Young fogeys needn't apply
Roger Trapp meets the high-flyers of the Junior Chambers of Commerce
Thursday 29 February 1996
As the name suggests, these bodies are linked to Chambers of Commerce and Industry. But the people involved in running the junior chambers are at pains to stress that they are not "young fogey" versions of those groups of worthy business people who meet in cities all over the world. Indeed, in the United States the desire to emphasise the distinction between the two bodies has led many to refer to the junior body as the "Jaycees".
The preferred description of the body is "the largest out-of-hours management development organisation in the world". Aimed at business people aged between 18 and 40, the organisation started in the United States in 1915, with the first branch being set up in Britain - in Lincoln - 11 years later. It now has more than 400,000 members in 100 countries around the world.
The London chamber, which held its annual luncheon yesterday, is active in "five areas of opportunity" - individual development and training, management, community involvement, "internationalism" and business. According to Corinna O'Brien-Edge - a past international vice-president, and president of the London junior chamber - the idea is to encourage individuals to take positions away from their workplaces with a view to developing themselves.
This can be done through assisting with community programmes as well as playing a role in the management of the chamber itself.
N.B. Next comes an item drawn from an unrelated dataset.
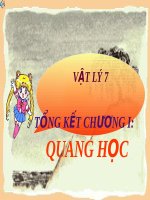 Tổng kết chương I Quang học | Vật lý, Lớp 8 - Ôn Luyện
This year's lunch, sponsored by accountants and consultants Arthur Andersen, marks the 10th anniversary of the Prince's Youth Business Trust, to which the London chamber has been an adviser for several years.
The same approach carries over into the other activities - internationalism, or breaking down barriers between different countries, and business, which in effect means networking.
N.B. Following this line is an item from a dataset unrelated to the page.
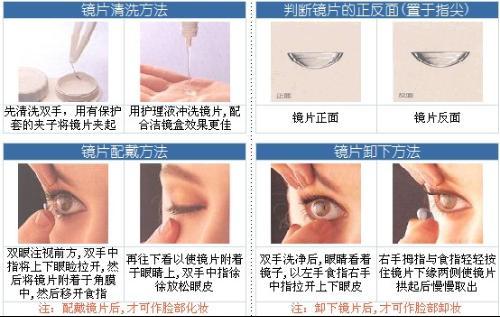 如何正确佩戴隐形眼镜呢?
The level of commitment clearly depends on the attitude of the individual's employer. As a partner in a firm of accountants, Ms O'Brien-Edge says she has comparative freedom so long as it does not take up too much of her time. But at some organisations, such as banks, involvement in the chamber is positively encouraged.
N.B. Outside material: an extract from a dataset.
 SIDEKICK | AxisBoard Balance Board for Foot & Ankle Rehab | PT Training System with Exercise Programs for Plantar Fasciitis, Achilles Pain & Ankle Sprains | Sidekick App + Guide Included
Even though the London body has close links with the banking community, part of the value for her has been the fact that fellow members come from a variety of backgrounds.
"I'd honestly say I've got to the position I'm in through the junior chamber," says Ms O'Brien-Edge. It helped in her self-development by increasing her ability to deal with management responsibilities as well as providing business contacts.
Simon Sperryn, chief executive of the London Chamber of Commerce and Industry, which is chief sponsor of the London junior chamber, sees enormous value in the body. "Companies and individuals use it to grow themselves," he says, adding that employers should make greater use of the body "for broadening the skills and experience of the top managers of tomorrow".
Nor is membership necessarily constrained by the age limit. Ms O'Brien- Edge, who says she is moving towards the upper end of the range, points out that life membership is available.